‘Reprehensible’: Kyle Bass’s Hayman Capital Lambasted by Dallas Judge

“The question is, how do I get Mr. Bass’s attention and the lawyers’ attention to stop behavior like this,” Judge Ted Akin said at the December hearing involving Bass’s Hayman Capital and Dallas real estate lender United Development Funding.

Kyle Bass (David Paul Morris/Bloomberg)

Kyle Bass

(David Paul Morris/Bloomberg)

A Texas court has ordered sanctions against hedge fund Hayman Capital, headed by outspoken investor Kyle Bass, calling its actions in a legal dispute with another Texas investment firm “reprehensible.”

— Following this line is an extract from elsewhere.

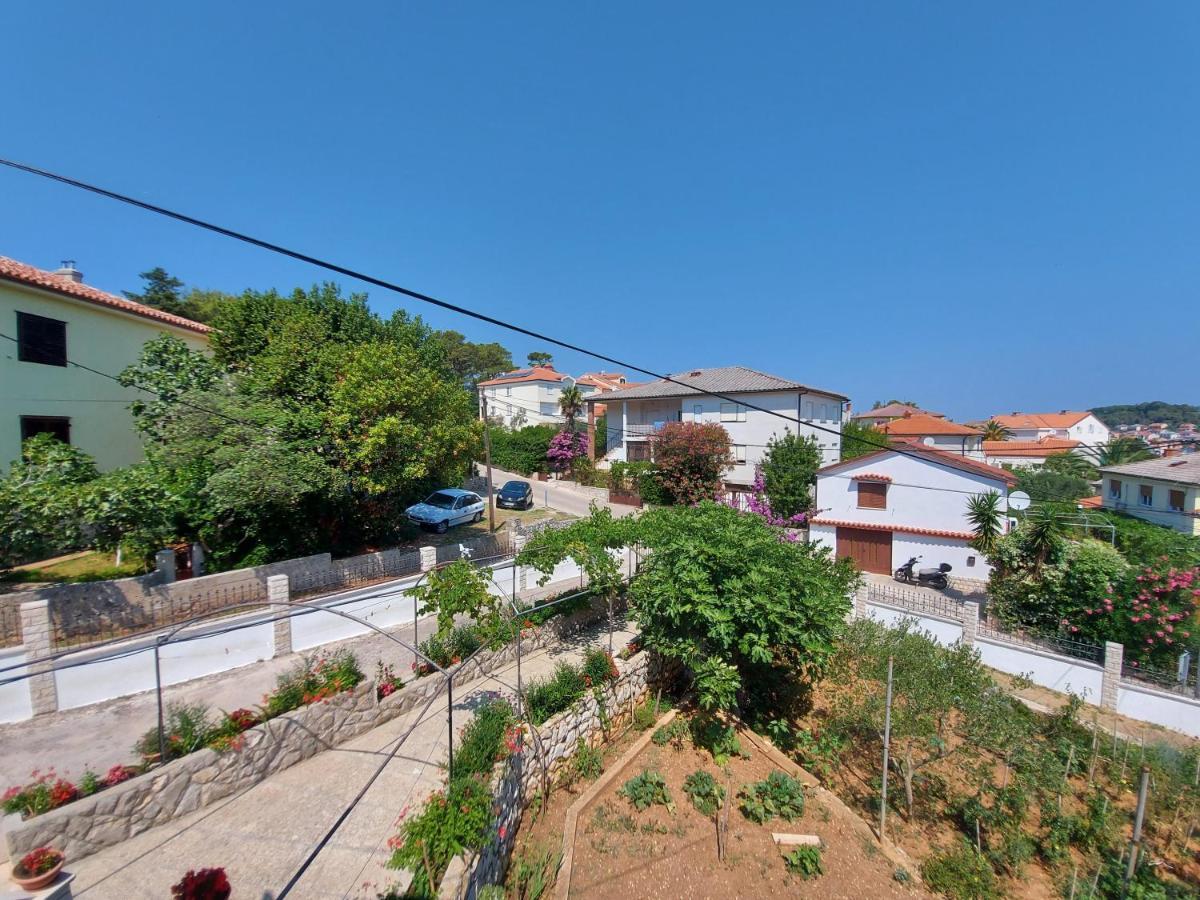 Kuca Luce Hotel Mali Lošinj Eksteriør billede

The sanctions are the latest development in Hayman’s legal skirmish with United Development Funding, a Dallas-area real estate lender that operates various real estate investment trusts. Bass began shorting the stock of a fund operated by UDF, which Hayman accused of operating like a “Ponzi scheme,” in 2015 and shared its findings with regulators. The FBI raided UDF’s headquarters in 2016, according to reports at the time, and in 2018 two UDF funds and four executives settled charges with the Securities and Exchange Commission that they misled investors about using money from an older fund to pay investors in a newer fund, among other things. Hayman booked a $34 million profit.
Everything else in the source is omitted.